Il ricordo, di conseguenza, risulta essere l’unico porto sicuro cui approdare per difendersi dall’angoscia. Scrive infatti Moretti in una pagina autobiografica: «Il passato è la mia sola ricchezza e, dirò, il mio avvenire alla rovescia […]. Tutta la fede, tutte le speranze che si sogliono porre nell’avvenire, io le porrò nel passato, e se una frase fatta come “ipotecare l’avvenire” avrà un senso per me, vorrà dire che ipotecherò proprio il mio passato fino ad annetterlo tutto, fino a divorarlo, come le ipoteche divorano la proprietà degli immobili. Che m’importa di quel che mi riserba la vita?
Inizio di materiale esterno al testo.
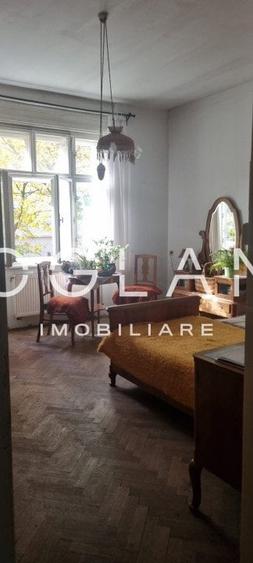 Casa individuala, 900 mp teren, Calea Poplacii, COMISION 0% - 6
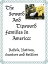 The Soward and Tipsword Families in America: Rebels, Natives, Hunters and Settlers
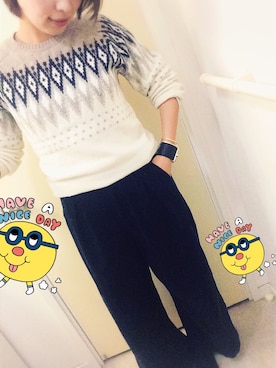 sa_naさんのコーディネート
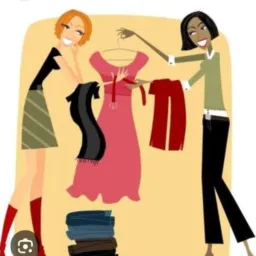 Desapego 👠👗🧥👚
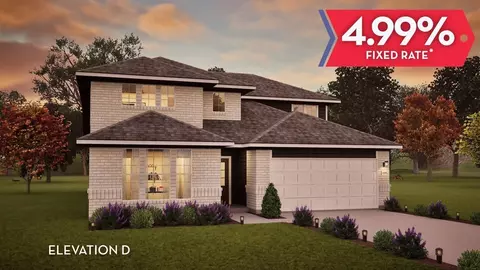 7934 Jade Crest Dr, Angleton, TX 77515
M’importa di quel che ho già visto e che voglio rivedere e rivivere, non più alla maniera degli altri, non più in servizio della fatalità, ma sì, finalmente, a mio modo […]. Solo così potrò dare un senso alla vita, alle cose che quasi non l’ebbero».
Moretti quindi non ha nessuna voglia di scoprire come evolverà la sua vita e, nel caso specifico della sorella, di fare i conti con un rapporto che, rispetto all’infanzia, si è necessariamente complicato. I cambiamenti sono per lui drammaticamente sconvolgenti, e risultano gestibili solo nel momento in cui la sorella getta la maschera e riconosce, in confidenza, il proprio disagio. Il matrimonio, infatti, l’ha catapultata in un ambiente estraneo e a tratti ostile; e, soprattutto, la prospettiva della maternità, lungi dal configurarsi come motivo di speranza, risulta essere in realtà una sorta di prigione destinata a cristallizzare l’esistenza in un eterno arido presente.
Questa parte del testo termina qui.